Workers submitted a proposed class action lawsuit in Orange County Superior Court, referencing agreements made with Anaheim in 1996 that resulted in over $200 million in tax rebates to Disney to fund the construction of California Adventure and a parking garage. According to the complaint, the five workers who filed the lawsuit earned between $12 and $14.25 an hour while working at the resort.
Disney contended that it was not subject to Measure L, arguing that the term “rebate” in the ordinance pertains solely to the return of taxes paid by residents. The initial court ruling favored Disney, concluding that it did not benefit from a city subsidy.
However, last year, a state appeals court overturned that decision. A three-judge panel from California’s 4th District Court of Appeal determined that, due to employee protections outlined in the measure, the 1996 agreements qualify as subsidies because they grant Disney the “right to receive a return of taxes.” The state Supreme Court chose not to review the case.
On Friday, Disney and the lawyers representing the workers filed for court approval of the settlement. A judge is scheduled to review the agreement at a hearing next month.

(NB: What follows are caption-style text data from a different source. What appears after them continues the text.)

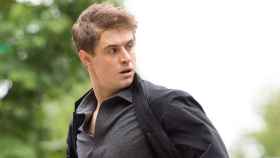 Max Irons, hijo del actor Jeremy Irons, en una escena de Condor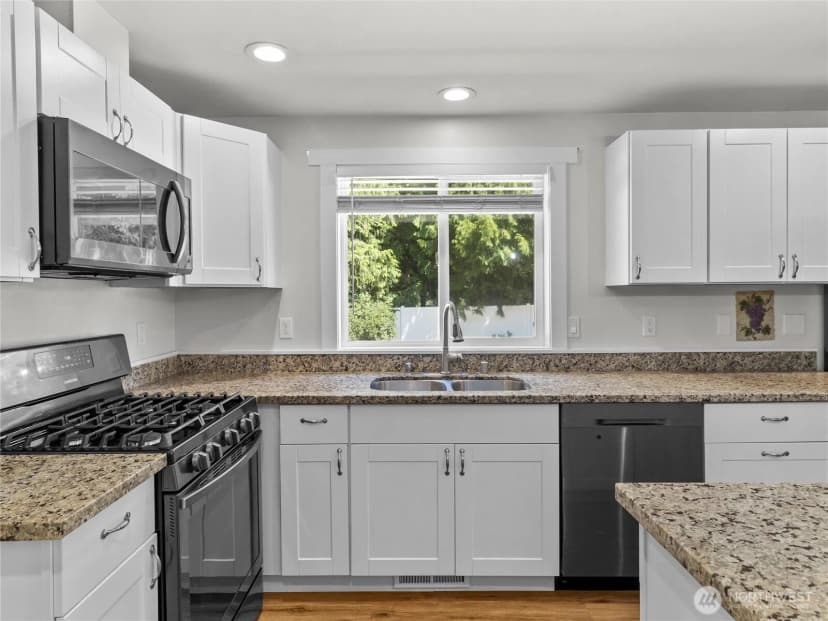 Property photo for 4309 236th Street E, Spanaway photo 12
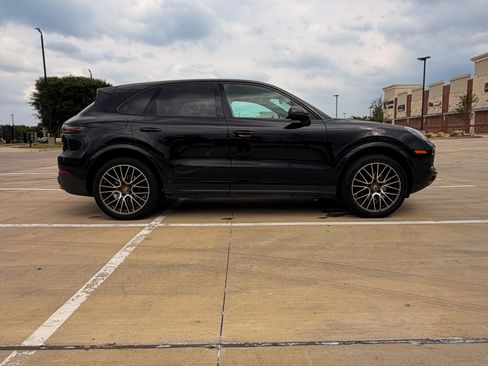 Used 2019 Porsche Cayenne AWD/4WD image 4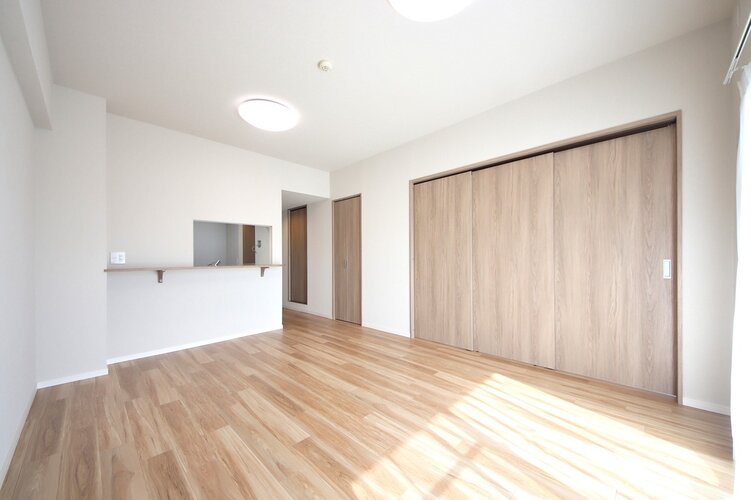 落ち着きのあるフローリングと清潔感のあるクロスが心和む空間を作り出しています。 落ち着きのあるフローリングと清潔感のあるクロスが心和む空間を作り出しています。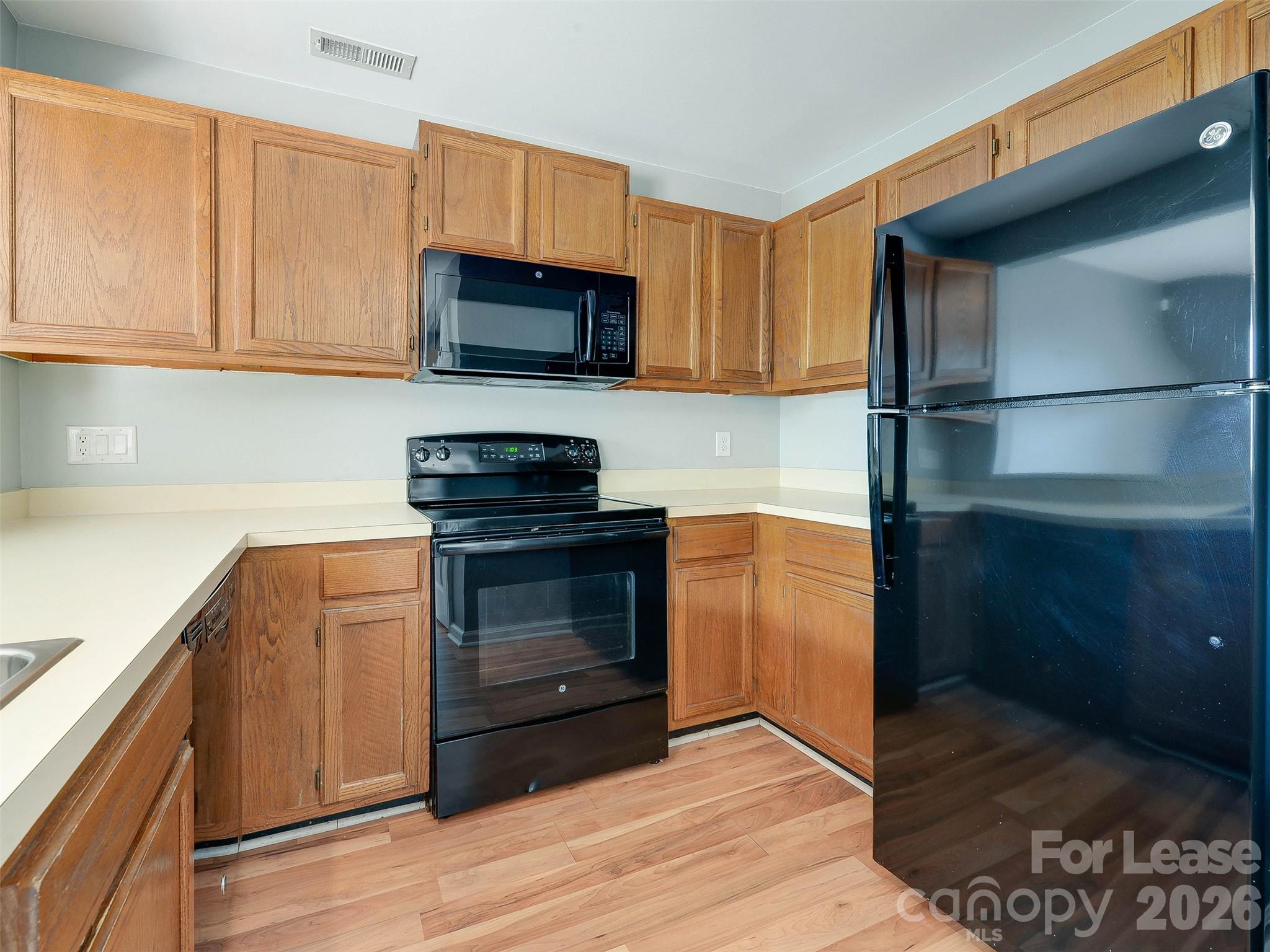 766 Marsh Road 7 Property Photo 28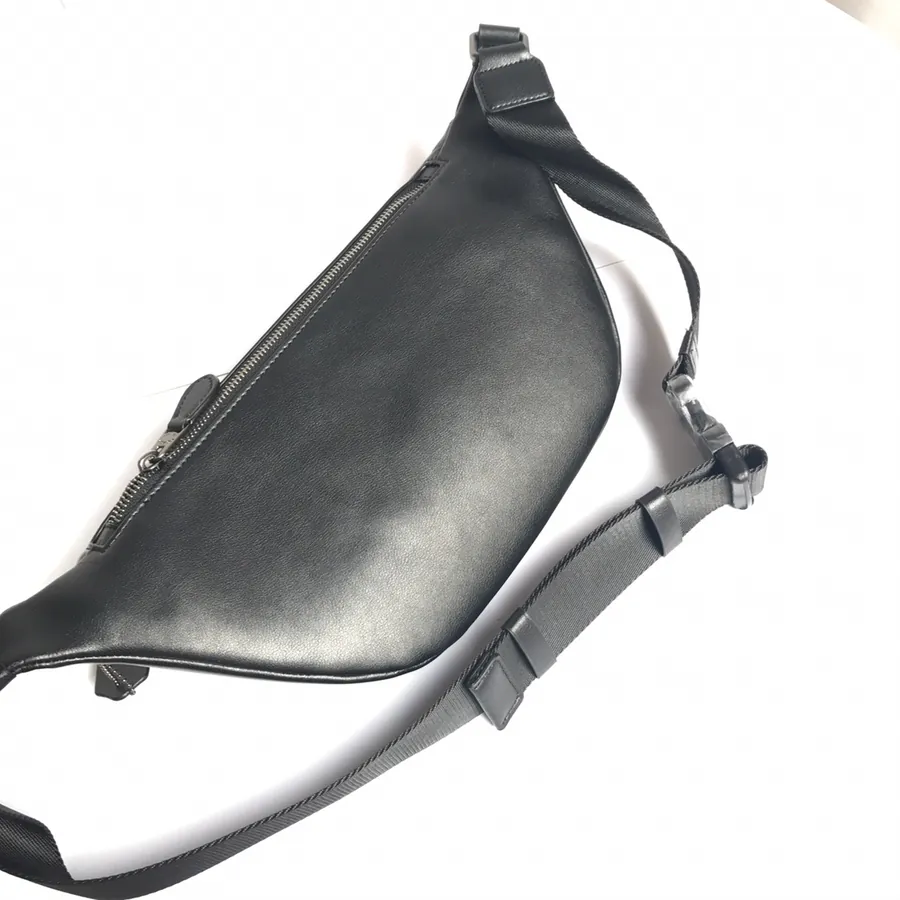 Coach Men's Sport Bag Trendy Sports Style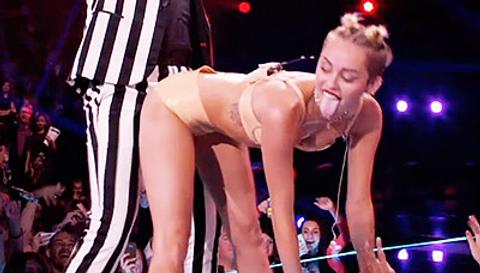 Whistle While You Twerk Weird And Wild Bouncing Dance 1146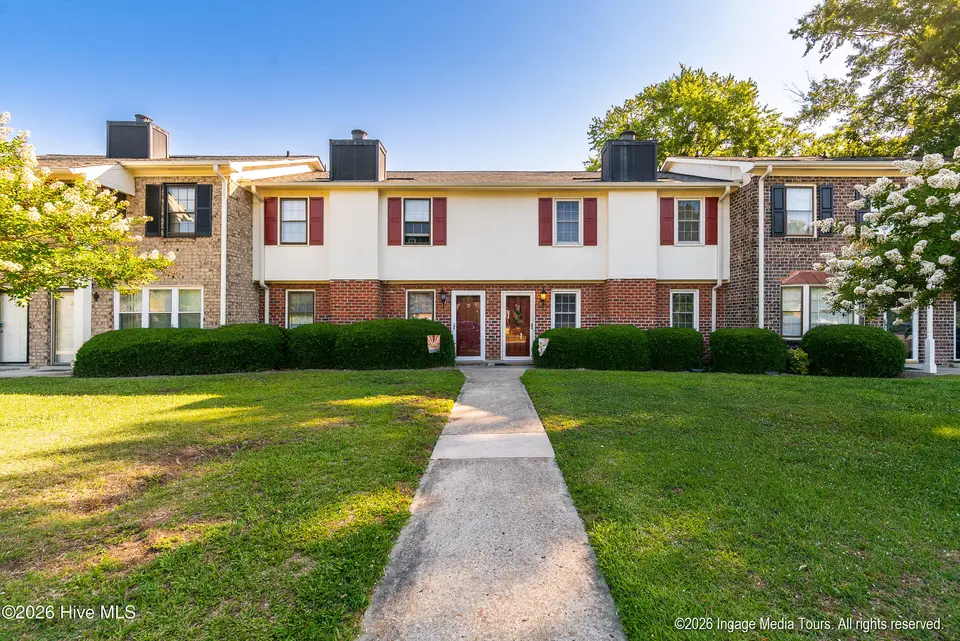 32 Scott Street, Greenville, NC 27858 — 3-bedroom townhome in Windy Ridge, Greenville, NC, photo 1 of 37: Front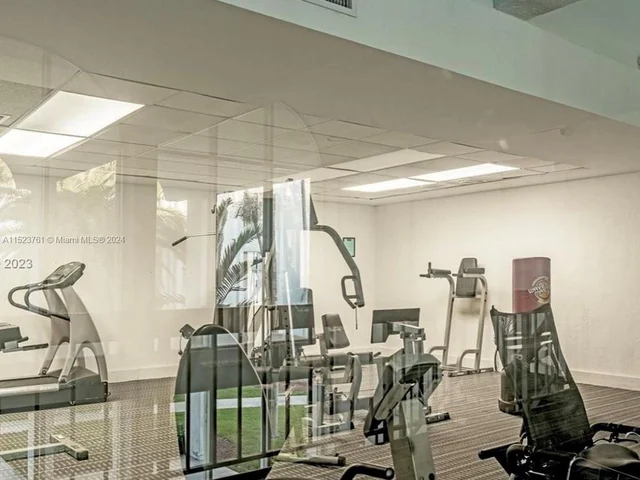 488 NW 165th St Rd # 409, Miami FL 33169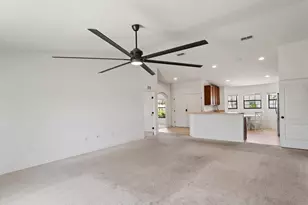 630 Valencia Ct, Dundee, FL 33838 - Photo 9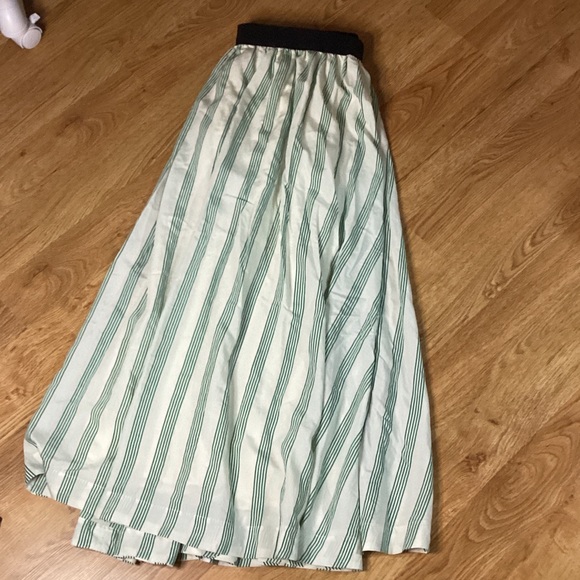 Chic Striped Green and White Maxi Skirt - Picture 1 of 5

A spokesperson for Disneyland commented that all cast members “earn at least the Measure L requirement of $19.90 per hour, with 95% earning more.” They added, “We are glad that this matter is approaching resolution.”
In July, Disney reached an agreement with Master Services, the largest union at Disneyland that represents over 13,000 cast members in attractions, custodial, and merchandise roles, to increase base pay to $24 per hour.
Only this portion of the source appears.